Most of us who've ever had tapioca know it to be the chewy, small pearls found in a bowl of pudding. Or maybe the bigger, still chewy balls floating around in the now-globally-popular sweet Asian bubble teas. But not many of us actually know what these little pearls are -- what they're made of or where they come from. We're going to fix that.
This is what tapioca pearls look like before they're added to some of our favorite sweets.
And this is what tapioca looks like before it's been made into cute little pearls.

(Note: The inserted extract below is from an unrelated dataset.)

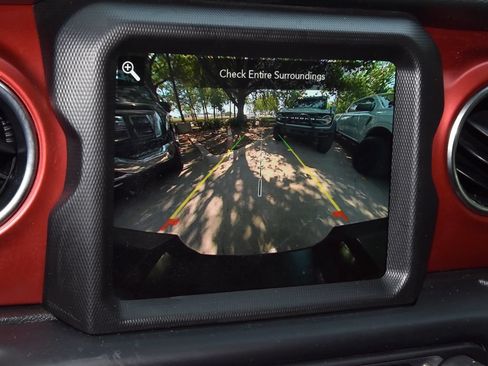 Used 2023 Jeep Gladiator Rubicon w/ Cold Weather Group AWD/4WD image 29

The photo above is of cassava root (also known as yuca in some parts of the world). It's mainly cultivated and eaten in tropical regions; it started off in Northern Brazil, but eventually made its way across the South American continent and over to Africa and Asia. It's prized for its ability to grow in low-nutrient soils and harvest quickly. It's also loved for its culinary versatility. Cassava can be mashed, cooked into soups or fried into, well, fries. And it's also used to make tapioca. This is what tapioca looks like in flour form.
Tapioca is a starch extracted from the cassava root. It is used as a thickening agent in many foods. It can be made into flour -- it has a similar texture to cornstarch -- which is often times used in gluten-free breads. It can also be made into pearls in varying sizes. (And, it's also the stuff used to iron shirts.) Personally, we like it best when it's floating in a tall glass of bubble tea.
If you don't live in a place where the bubble tea craze has hit yet, you should try it. You can make it yourself at home, giant tapioca pearls (or cubes) and all.
CORRECTION: A previous version of this story referred to yuca as yucca.